Era Domingo. Chance estava no jardim. Movia-se com
lentidão, arrastando a mangueira verde de um carreiro para
outro, e observando cuidadosamente o fluxo da água. De forma
muito delicada, deixou que o fi o de líquido tocasse cada
planta, cada fl or, cada ramo do jardim. As plantas eram como
as pessoas, precisavam de carinho para viverem, para se curarem das suas maleitas e para morrerem em paz.

E, no entanto, as plantas eram diferentes das pessoas. Nenhuma
planta é capaz de se pensar ou de se conhecer; nenhuma
possui um espelho no qual possa ver reflectido o seu rosto;
apenas cresce, e o seu crescimento não tem qualquer sentido,
pois uma planta não pode fazer uso da razão ou do sonho.
No jardim, estava-se resguardado e seguro. Um muro
alto de tijolo vermelho, coberto de hera, separava-o da rua,
e nem mesmo os sons dos carros que passavam podiam perturbar aquela paz. Chance desconhecia as ruas. E, ainda que
nunca tivesse posto o pé fora da casa e do seu jardim, não
sentia curiosidade pela vida do outro lado do muro.

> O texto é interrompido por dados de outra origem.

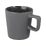 Керамическая кружка Ross объемом 280 мл, matted grey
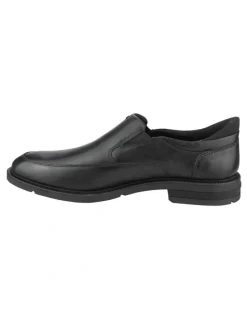 Florsheim Icon Ez Moc Toe Slip On Loafers in Black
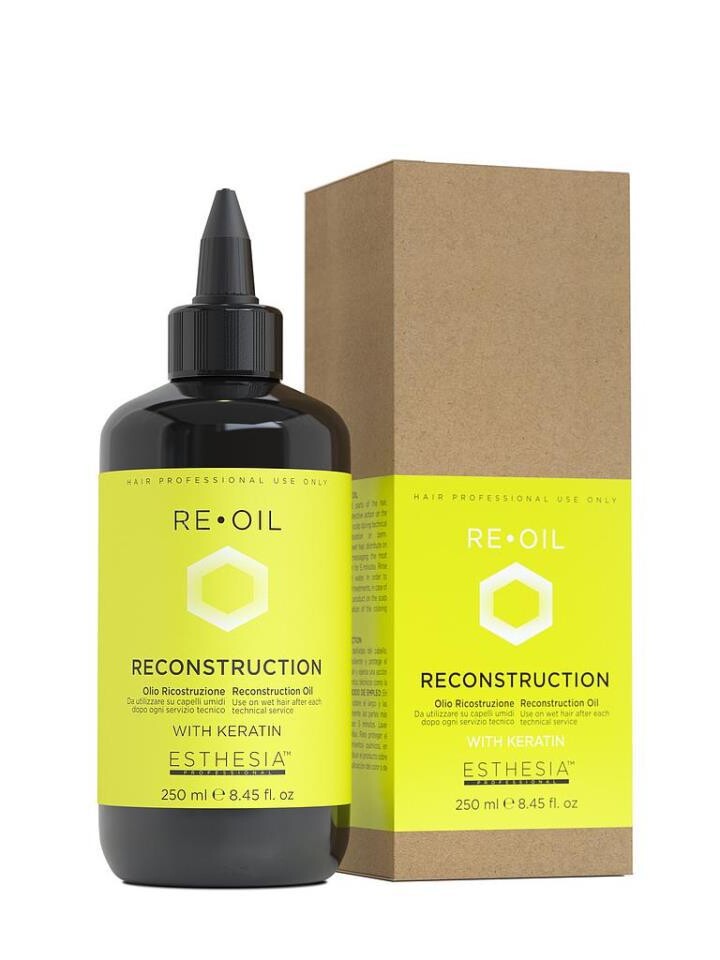 RE-OIL ACEITE RECONSTRUCTOR 250 ML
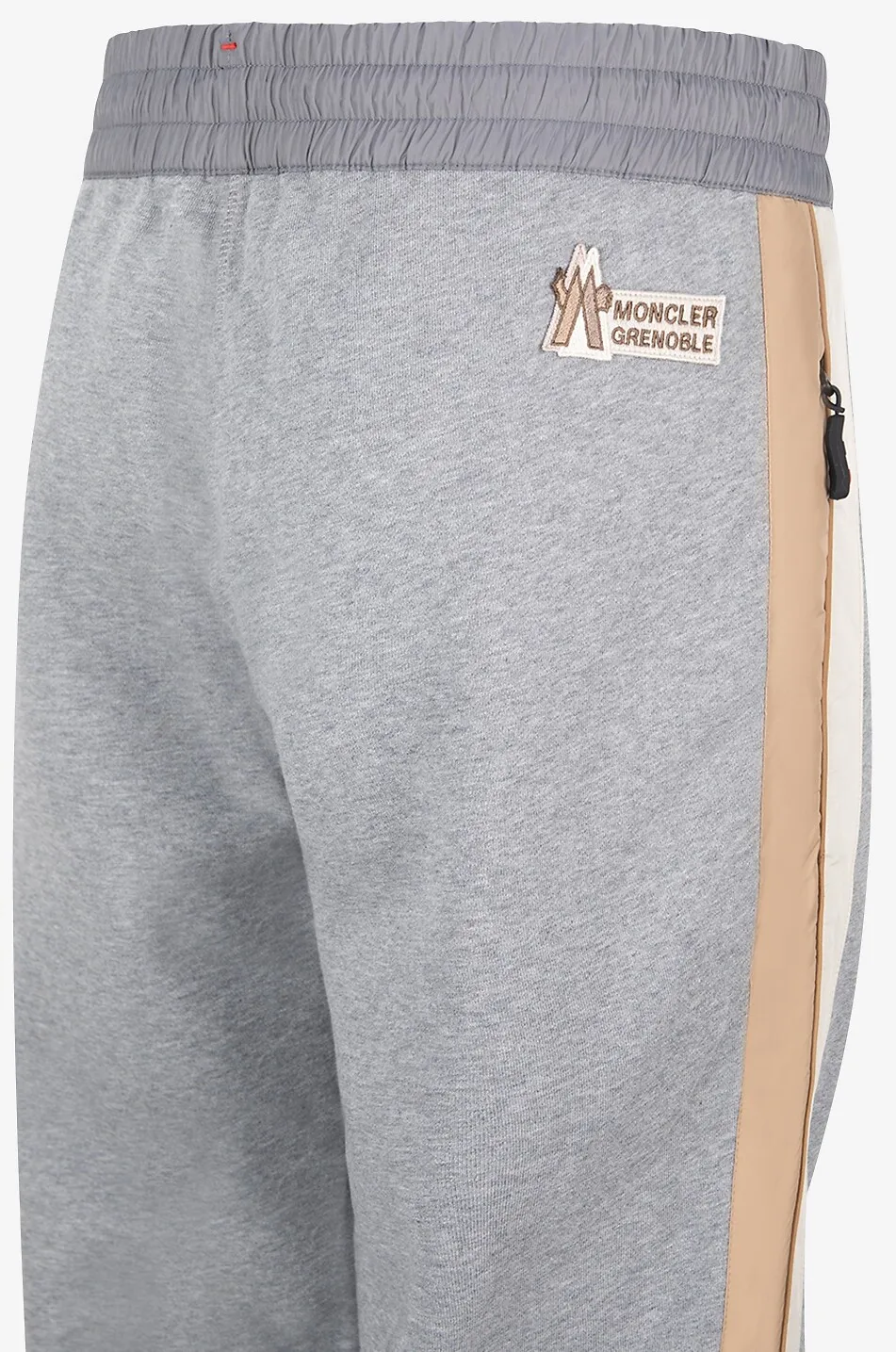 Pantalon de jogging en molleton et nylon Day-Namic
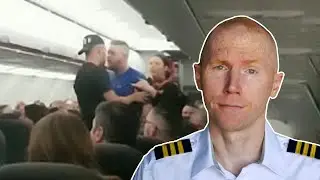 Why You Get Drunk Faster In Flight | Pilot Explains
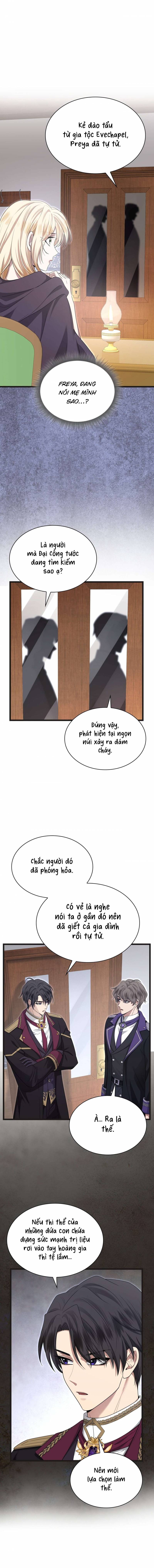 [18+] Giết Cuộc Hôn Nhân Này Chapter 20 - Trang 2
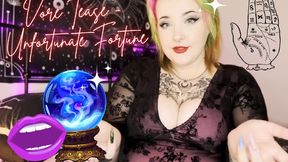 Vore Tease - Unfortunate Fortune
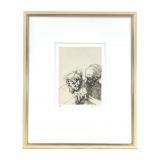 Sigmund Abeles Untitled (Couple), Toward the End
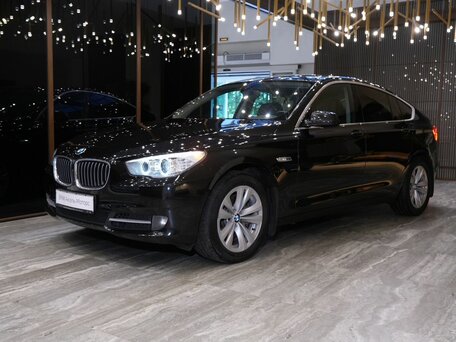BMW 5 серии VI (F10/F11/F07)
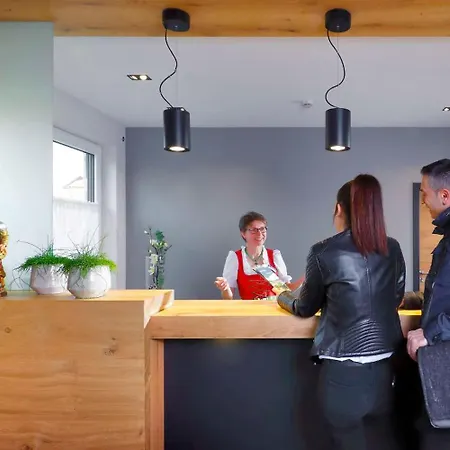 Best Western Hotel Brunnenhof Weibersbrunn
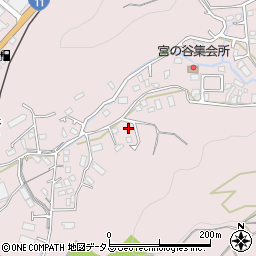 愛媛県四国中央市川之江町3509-3周辺の地図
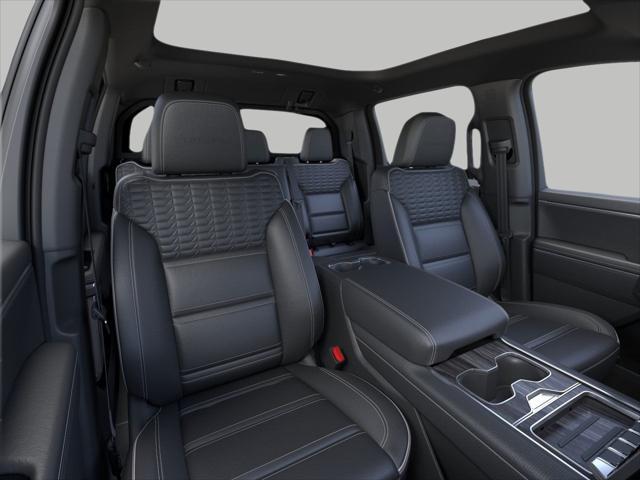 new 2025 GMC Sierra EV car, priced at $98,285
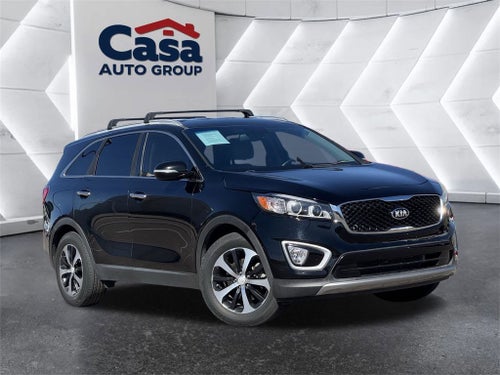 2017 Kia Sorento 3.3L EX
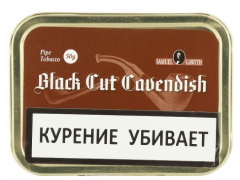 Трубочный табак Samuel Gawith Black Cut Cavendish (50 гр.)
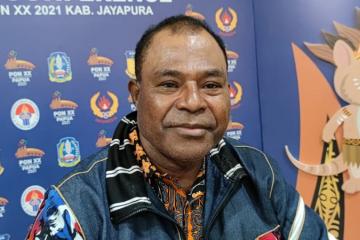 Api PON Tiba di Sentani 1 Oktober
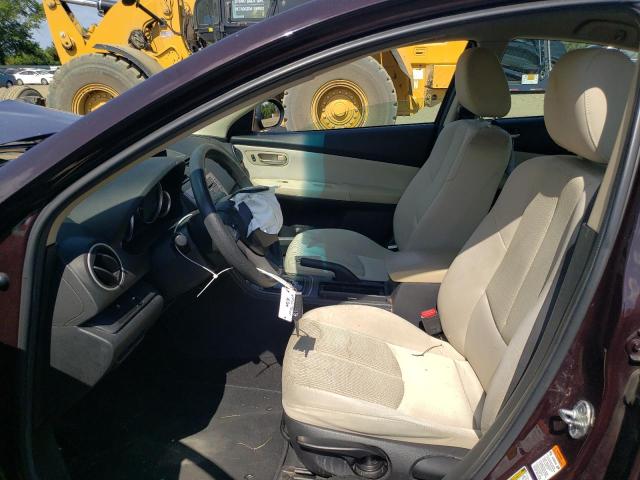 Photo 7 from auction – 2011 MAZDA 6 I with VIN 1YVHZ8BHXB5M11335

A parte da frente da casa, onde o Velho vivia, era quase
como a continuação do muro ou da rua. Não sabia se algo
aí estava vivo ou não. Nas traseiras do andar térreo, viradas
para o jardim, vivia a criada. Do outro lado da sala de entrada, com um corredor que o levava ao jardim, Chance tinha
o seu quarto e a sua casa de banho.

O que era particularmente agradável no jardim era
que, a qualquer momento, enquanto se encontrava imóvel
num dos carreiros ou entre os arbustos e as árvores, Chance
podia começar a vaguear, sem saber se caminhava para a
frente ou para trás, se estava adiantado ou atrasado face aos
seus passos anteriores. Tudo o que importava era mover-se
no seu próprio tempo, como as plantas que cresciam.

De vez em quando, Chance fechava a água e sentava-
se na relva, a pensar. O vento, sem direcção definida,
fazia baloiçar as copas das árvores e dos arbustos. A poeira
da cidade assentava, uniforme, escurecendo as flores, que
esperavam pacientemente serem lavadas pela chuva e secas
pelo sol. E no entanto, apesar de toda a sua vida, mesmo no
auge da florescência, o jardim era o seu próprio cemitério.
Sob cada árvore e arbusto depositavam-se troncos podres
e raízes quebradas e em decomposição. Era difícil saber
qual era mais importante: se a superfície do jardim, se o
cemitério do qual aquele nascia e no qual continuamente
se transformava. Por exemplo, havia algumas plantas junto
ao muro que cresciam sem qualquer respeito pelas outras;
cresciam mais depressa, oprimindo as flores pequenas e invadindo o território de arbustos mais frágeis.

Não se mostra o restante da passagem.